╭─ RECORDS SUPPLIED

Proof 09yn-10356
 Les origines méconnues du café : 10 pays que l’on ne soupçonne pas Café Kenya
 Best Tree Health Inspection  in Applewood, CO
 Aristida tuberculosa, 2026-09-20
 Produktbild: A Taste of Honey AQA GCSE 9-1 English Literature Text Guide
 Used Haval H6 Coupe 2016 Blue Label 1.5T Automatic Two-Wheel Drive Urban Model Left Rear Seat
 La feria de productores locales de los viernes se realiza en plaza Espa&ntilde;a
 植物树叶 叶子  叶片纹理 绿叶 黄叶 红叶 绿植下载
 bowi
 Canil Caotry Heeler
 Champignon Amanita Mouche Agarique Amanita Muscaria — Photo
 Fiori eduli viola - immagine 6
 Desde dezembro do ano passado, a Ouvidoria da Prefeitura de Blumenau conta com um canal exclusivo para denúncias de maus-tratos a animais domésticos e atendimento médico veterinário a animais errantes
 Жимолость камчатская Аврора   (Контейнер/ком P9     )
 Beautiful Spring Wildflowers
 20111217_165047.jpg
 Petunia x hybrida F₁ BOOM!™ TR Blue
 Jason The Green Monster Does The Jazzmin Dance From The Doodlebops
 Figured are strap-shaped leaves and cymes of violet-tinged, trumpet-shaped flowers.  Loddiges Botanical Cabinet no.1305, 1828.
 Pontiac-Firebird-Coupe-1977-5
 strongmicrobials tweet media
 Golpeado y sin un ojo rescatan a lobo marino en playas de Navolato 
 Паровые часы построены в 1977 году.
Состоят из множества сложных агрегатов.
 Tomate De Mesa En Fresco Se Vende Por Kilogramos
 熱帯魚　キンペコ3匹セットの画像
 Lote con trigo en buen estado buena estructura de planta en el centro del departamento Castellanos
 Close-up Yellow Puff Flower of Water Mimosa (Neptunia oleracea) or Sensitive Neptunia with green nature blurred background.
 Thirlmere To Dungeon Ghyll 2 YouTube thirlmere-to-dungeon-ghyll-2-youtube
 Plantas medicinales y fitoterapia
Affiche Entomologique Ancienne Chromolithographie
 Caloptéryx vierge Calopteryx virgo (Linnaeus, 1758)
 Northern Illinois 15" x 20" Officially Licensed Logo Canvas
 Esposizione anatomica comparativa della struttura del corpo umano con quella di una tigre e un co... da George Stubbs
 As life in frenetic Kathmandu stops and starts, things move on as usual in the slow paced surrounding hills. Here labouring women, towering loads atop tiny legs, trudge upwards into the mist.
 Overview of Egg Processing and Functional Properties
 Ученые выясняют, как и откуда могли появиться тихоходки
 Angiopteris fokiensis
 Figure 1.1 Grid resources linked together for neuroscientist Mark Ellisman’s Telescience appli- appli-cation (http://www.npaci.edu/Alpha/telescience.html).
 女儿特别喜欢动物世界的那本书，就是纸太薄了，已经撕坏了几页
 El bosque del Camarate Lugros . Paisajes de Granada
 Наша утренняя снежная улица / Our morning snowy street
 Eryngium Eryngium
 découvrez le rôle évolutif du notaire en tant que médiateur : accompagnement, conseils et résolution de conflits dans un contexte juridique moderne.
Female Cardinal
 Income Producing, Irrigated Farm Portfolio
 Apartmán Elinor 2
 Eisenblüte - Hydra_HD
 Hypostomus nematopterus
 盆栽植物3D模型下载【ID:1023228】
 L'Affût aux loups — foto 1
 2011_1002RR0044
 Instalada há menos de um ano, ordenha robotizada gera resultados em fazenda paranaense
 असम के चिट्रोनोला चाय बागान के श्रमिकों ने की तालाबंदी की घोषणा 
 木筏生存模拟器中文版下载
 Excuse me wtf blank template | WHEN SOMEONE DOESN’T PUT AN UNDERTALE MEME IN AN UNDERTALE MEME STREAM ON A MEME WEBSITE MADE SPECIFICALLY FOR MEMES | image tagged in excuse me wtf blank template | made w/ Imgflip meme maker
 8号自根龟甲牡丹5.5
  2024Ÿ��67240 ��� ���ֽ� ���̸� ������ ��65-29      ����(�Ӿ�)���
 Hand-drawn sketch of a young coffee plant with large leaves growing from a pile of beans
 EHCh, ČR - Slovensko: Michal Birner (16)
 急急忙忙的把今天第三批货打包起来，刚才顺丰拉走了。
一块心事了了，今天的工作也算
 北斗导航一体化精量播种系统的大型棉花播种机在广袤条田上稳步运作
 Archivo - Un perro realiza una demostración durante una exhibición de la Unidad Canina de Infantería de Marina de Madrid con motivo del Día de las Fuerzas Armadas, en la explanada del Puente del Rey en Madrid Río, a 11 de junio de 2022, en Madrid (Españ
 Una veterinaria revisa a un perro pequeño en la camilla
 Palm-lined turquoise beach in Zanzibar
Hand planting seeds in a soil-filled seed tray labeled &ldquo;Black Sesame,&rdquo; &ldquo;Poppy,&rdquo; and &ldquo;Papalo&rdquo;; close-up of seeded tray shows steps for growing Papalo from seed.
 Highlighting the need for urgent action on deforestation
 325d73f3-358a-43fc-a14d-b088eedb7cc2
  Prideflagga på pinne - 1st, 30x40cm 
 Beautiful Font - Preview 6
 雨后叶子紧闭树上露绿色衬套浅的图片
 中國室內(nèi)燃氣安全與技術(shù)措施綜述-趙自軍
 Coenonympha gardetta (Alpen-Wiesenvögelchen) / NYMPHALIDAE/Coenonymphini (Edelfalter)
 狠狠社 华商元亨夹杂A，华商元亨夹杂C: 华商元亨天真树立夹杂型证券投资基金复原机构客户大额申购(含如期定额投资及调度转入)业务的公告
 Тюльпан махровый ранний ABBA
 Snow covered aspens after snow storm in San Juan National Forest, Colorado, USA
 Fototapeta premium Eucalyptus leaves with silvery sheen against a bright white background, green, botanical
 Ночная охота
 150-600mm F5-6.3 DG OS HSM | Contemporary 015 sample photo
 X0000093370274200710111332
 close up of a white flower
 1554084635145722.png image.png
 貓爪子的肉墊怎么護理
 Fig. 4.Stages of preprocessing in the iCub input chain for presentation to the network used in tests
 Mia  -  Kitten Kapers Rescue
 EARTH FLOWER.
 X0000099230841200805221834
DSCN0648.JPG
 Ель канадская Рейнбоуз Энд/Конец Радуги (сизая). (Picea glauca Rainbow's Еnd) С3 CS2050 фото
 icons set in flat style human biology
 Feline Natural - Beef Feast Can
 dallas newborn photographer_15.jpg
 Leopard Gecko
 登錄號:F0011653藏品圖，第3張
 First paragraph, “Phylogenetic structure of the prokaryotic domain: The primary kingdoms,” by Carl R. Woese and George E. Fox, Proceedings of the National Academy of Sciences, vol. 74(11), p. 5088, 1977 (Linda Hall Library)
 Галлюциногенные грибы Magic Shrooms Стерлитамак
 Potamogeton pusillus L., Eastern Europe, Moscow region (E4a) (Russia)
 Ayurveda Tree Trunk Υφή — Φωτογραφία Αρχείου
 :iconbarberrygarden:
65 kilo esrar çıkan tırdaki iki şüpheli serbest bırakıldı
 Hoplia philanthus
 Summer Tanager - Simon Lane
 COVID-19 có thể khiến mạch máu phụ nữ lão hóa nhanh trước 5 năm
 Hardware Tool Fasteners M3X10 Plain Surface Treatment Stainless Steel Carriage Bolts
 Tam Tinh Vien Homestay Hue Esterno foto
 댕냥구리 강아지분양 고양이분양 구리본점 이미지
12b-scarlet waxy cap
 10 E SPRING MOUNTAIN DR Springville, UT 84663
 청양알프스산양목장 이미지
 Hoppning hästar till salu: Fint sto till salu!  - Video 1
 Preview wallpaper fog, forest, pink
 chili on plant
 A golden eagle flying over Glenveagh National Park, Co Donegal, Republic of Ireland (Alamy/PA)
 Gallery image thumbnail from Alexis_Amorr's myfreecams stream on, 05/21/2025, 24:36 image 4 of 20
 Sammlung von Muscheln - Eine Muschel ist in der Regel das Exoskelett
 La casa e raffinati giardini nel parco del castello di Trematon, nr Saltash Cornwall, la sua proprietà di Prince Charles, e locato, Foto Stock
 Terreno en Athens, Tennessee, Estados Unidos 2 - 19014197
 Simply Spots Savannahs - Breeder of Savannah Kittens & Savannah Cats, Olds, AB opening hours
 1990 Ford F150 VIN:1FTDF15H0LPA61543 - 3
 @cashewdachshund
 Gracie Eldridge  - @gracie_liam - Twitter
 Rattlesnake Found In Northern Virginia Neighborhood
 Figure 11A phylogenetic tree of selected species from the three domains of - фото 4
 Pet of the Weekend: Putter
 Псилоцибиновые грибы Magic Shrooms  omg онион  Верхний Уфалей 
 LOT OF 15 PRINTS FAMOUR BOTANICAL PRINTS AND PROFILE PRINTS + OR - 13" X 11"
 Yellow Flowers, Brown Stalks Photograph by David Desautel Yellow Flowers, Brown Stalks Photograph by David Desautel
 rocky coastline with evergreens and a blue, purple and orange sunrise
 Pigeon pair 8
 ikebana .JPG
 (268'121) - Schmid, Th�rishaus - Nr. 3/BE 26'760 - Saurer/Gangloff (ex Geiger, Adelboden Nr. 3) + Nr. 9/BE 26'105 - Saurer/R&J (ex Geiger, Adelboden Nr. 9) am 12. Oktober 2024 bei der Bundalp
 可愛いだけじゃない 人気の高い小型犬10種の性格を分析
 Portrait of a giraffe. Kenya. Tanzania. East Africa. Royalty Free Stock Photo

╰─

◆ TASK ◆
Reply with the number of lines above in which the word "Coupe" appears, and with nothing else.

◆ SOLUTION FOR THIS TASK ◆
2